Creating a tar file with checksums included
Here's my problem : I need to archive to tar files a lot ( up to 60 TB) of big files (usually 30 to 40 GB each). I would like to make checksums ( md5, sha1, whatever) of these files before archiving; however not reading every file twice (once for checksumming, twice for tar'ing) is more or less a necessity to achieve a very high archiving performance (LTO-4 wants 120 MB/s sustained, and the backup window is limited).
So I'd need some way to read a file, feeding a checksumming tool on one side, and building a tar to tape on the other side, something along :
tar cf - files | tee tarfile.tar | md5sum -
Except that I don't want the checksum of the whole archive (this sample shell code does just this) but a checksum for each individual file in the archive.
I've studied GNU tar, Pax, Star options. I've looked at the source from Archive::Tar. I see no obvious way to achieve this. It looks like I'll have to hand-build something in C or similar to achieve what I need. Perl/Python/etc simply won't cut it performance-wise, and the various tar programs miss the necessary "plugin architecture". Does anyone know of any existing solution to this before I start code-churning ?
Before going ahead and rewriting tar, you may want to profile the quick-and-easy method of reading the data twice, as it may not be much slower than doing it in one pass.

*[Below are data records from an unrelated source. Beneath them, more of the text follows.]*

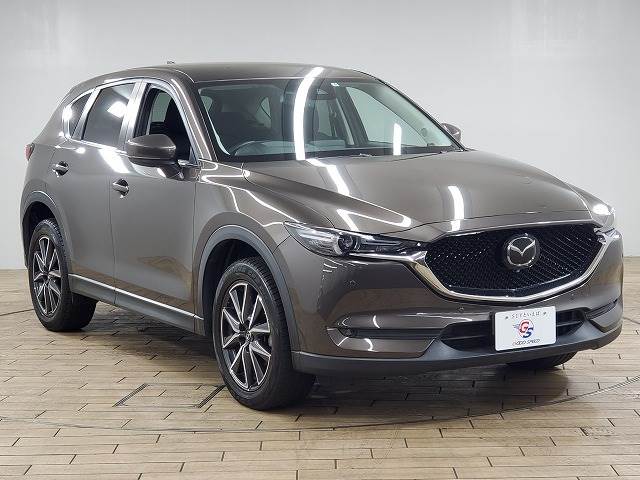 マツダ CX-5の画像16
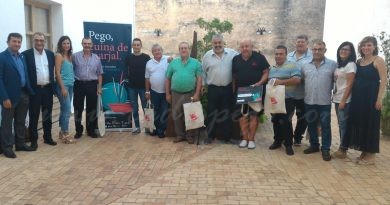 ‘Pego, cuina de marjal’ reconeix la trajectòria de 7 veterans cuiners de la localitat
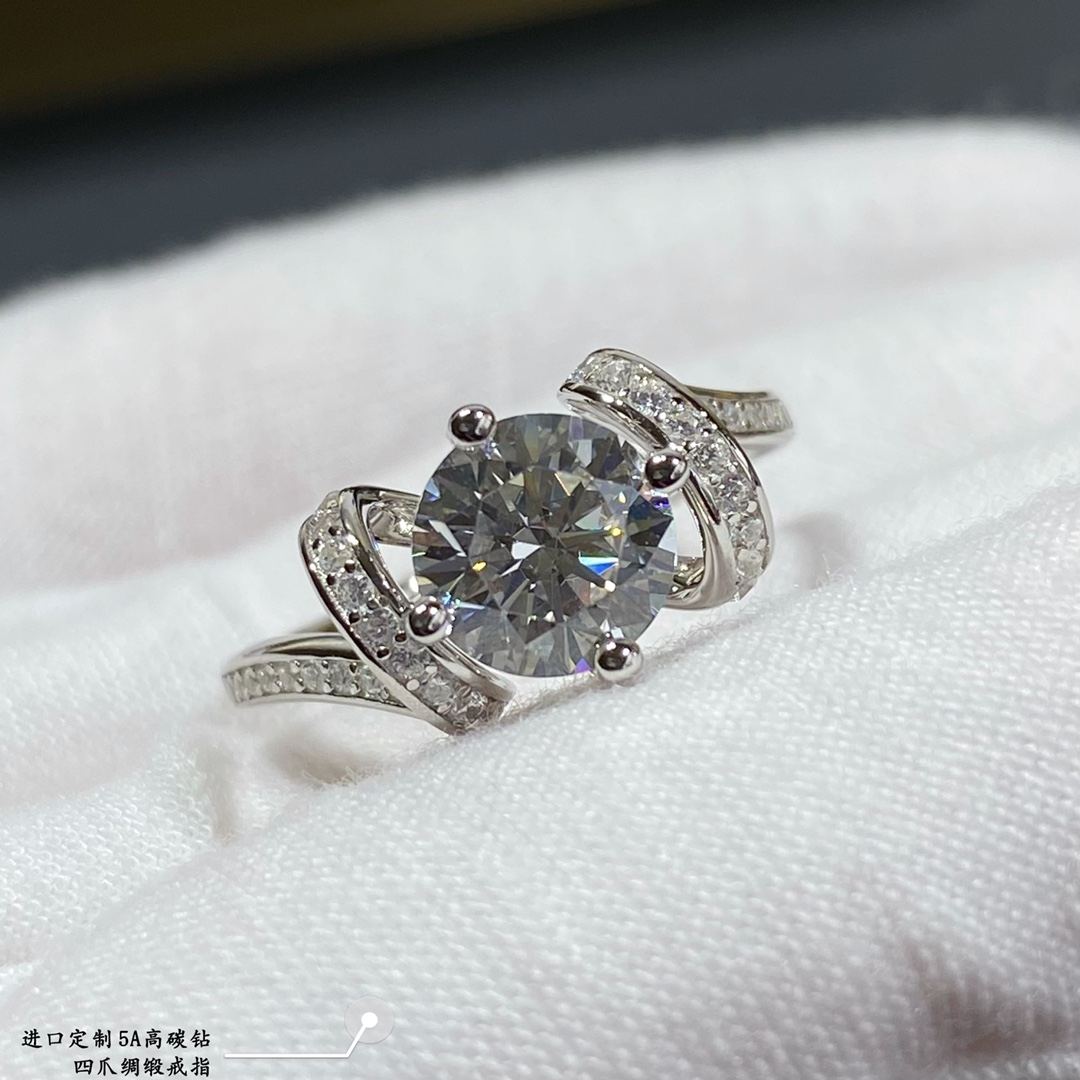 路易威登 Louis Vuitton 高定典藏高定典雅奢华珠宝首饰项链手链戒指 #10EFE922 4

The two pass method is implented here:
http://www.g-loaded.eu/2007/12/01/veritar-verify-checksums-of-files-within-a-tar-archive/
with the one-liner:
tar -cvpf mybackup.tar myfiles/| xargs -I '{}' sh -c "test -f '{}' &&
md5sum '{}'" | tee mybackup.md5
While its true that md5sum is reading each file from disk in parallel with tar, instead of getting the data streamed through the pipe, Linux disk cacheing should make this second read a simple read from a memory buffer, which shouldn't really be slower than a stdin read. You just need to make sure you have enough space in your disk cache to store enough of each file that the 2nd reader is always reading from the cache and not getting far enough behind to have to retrieve from disk
Here's an example Python script. It calculates the checksum of the file as its being added to the archive. At the end of the script, the checksum file is added to the archive.
import hashlib,os
import tarfile
def md5(filename):
''' function to get md5 of file '''
d = hashlib.md5()
try:
d.update(open(filename).read())
except Exception,e:
print e
else:
return d.hexdigest()
root="/home"
outtar=os.path.join(root,"path1","output.tar")
path = os.path.join(root,"path1")
chksum_file=os.path.join(root,"path","chksum.txt")
tar = tarfile.open(outtar, "w")
o_chksum=open(chksum_file,"w")
for r,d,f in os.walk(path):
for files in f:
filename=os.path.join(r,files)
digest="%s:%s"%(md5(filename) , filename)
o_chksum.write(digest+"\n")
tar.add(os.path.join(r,files))
tar.add(chksum_file)
tar.close()
o_chksum.close()
When you untar, use the chksum_file to verify the checksum
I think that your problem is a design issue of tar as tar does not allow random access/positioning inside the archive file via a content table, thus all protocols will be file and not buffer based.
Thus you may look at different formats like PAX or DAR which allow random access.